Try to get a home loan on it. Even if you're paying cash.
The bank will run its own legal and technical checks — a title search, a valuation, an encumbrance search — for free, in the course of processing your application.
If they refuse to lend, that is enormously valuable information, and it cost you nothing.
They have looked at the title, the approvals and the property, and decided they do not want it as security. You should think very hard before deciding you want it as a home.
The one rule
Every distress sale has a reason, and it is either the seller or the property.
If it is the SELLER — a divorce, a relocation, an emergency — you may have a genuine bargain.
If it is the PROPERTY, you are not buying a discount. You are buying the problem, and you are buying it from someone who has already decided it is not worth solving.
Do not proceed until you know which. And do not accept the seller's word for it — verify.

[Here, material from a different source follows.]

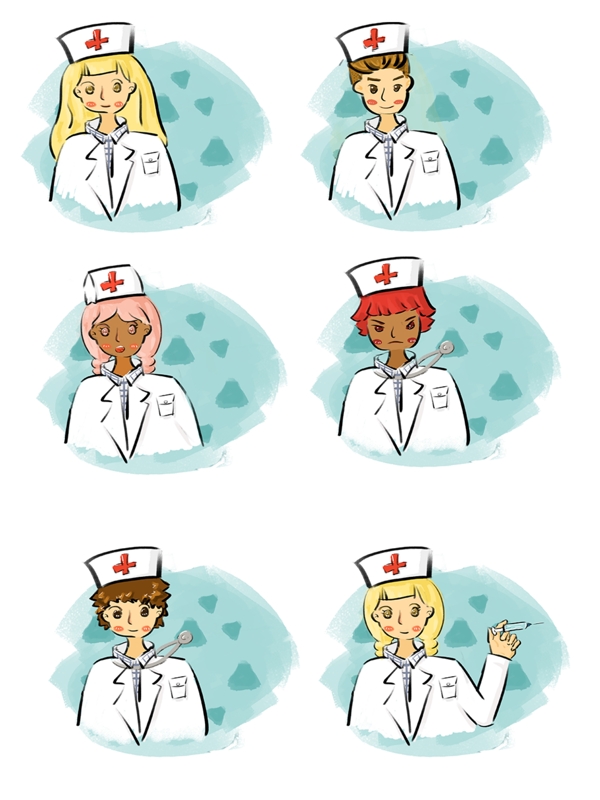 医生护士套图欧美风手绘可爱卡通可商用元素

Frequently asked questions
What is a distress sale in property?
A sale in which the seller is compelled by circumstances to accept below market value — a divorce, an urgent relocation, an inheritance being liquidated, a medical or business emergency, or a bank auction of a defaulted property.
Is a distress sale a good deal?
It can be — the profit in property is made on the buy, not the sell. But every distress sale has a reason, and it is either the SELLER or the PROPERTY. If it's the seller, you may have a genuine bargain. If it's the property — defective title, B khata, no OC, litigation, arrears — you are not buying a discount, you are buying the problem, from someone who has already decided it isn't worth solving.

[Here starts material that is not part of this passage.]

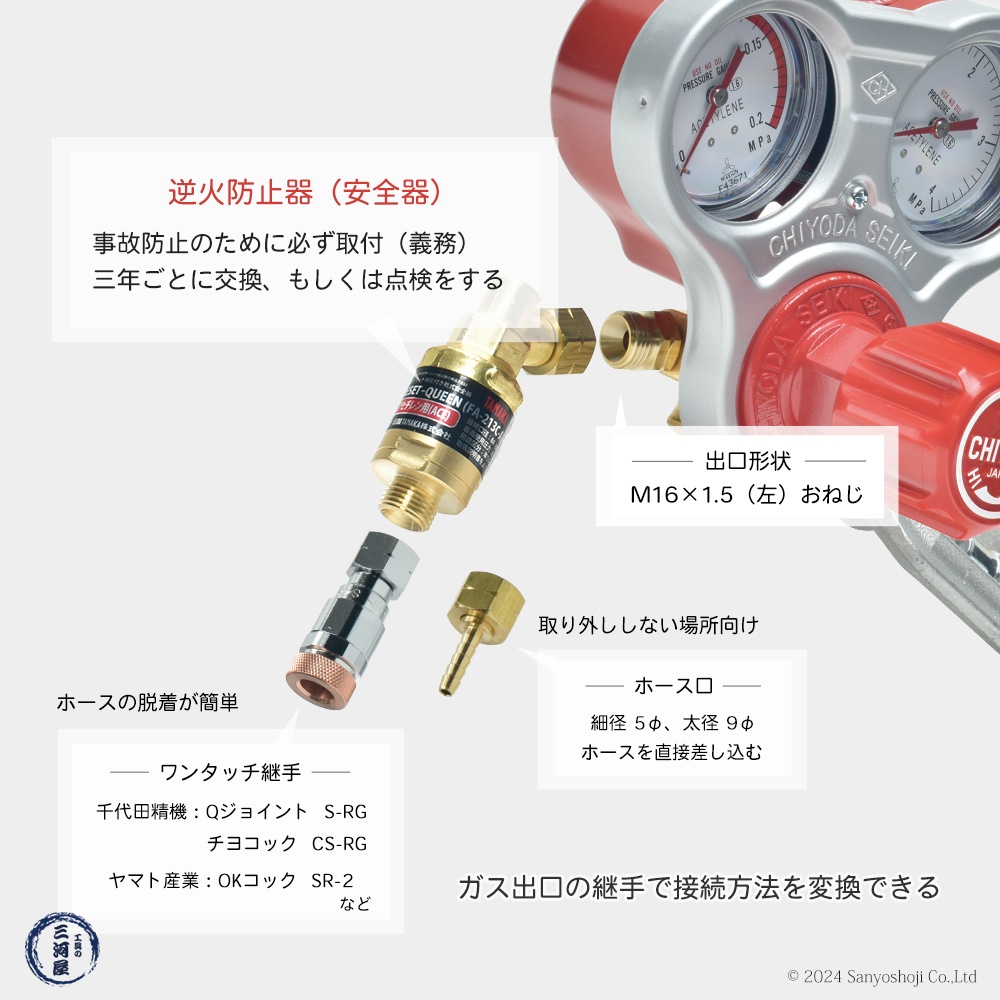 千代田 精機 ( CHIYODA ) 溶断 溶接用 アセチレン 圧力調整器 スタウト SRA型 No.011303 1台に逆火防止器が付いているお得なセット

What should I check in a distress sale?
MORE, not less. A full 30-year title search with a lawyer. A 30-year encumbrance certificate. Five years of property tax receipts, since arrears follow the property. A society no-dues certificate. Court records for litigation. And ask the neighbours why the owner is selling — they know, and they will tell you.
Are bank auction properties risky?
Yes. You buy 'as is where is' with no warranty on condition, title or encumbrances. The former owner may still be living there, and getting possession can require going back to court. Dues follow the property. You need cash fast. And the borrower can redeem the property until quite a late stage. Do not bid without a lawyer who has done it before.
What is the best way to check a suspiciously cheap property?
Try to get a home loan on it — even if you're paying cash. The bank will run its own legal and technical checks, a title search and a valuation, for free while processing your application. If they refuse to lend, that is enormously valuable information at no cost: they have looked at the title and the approvals and decided they don't want it as security.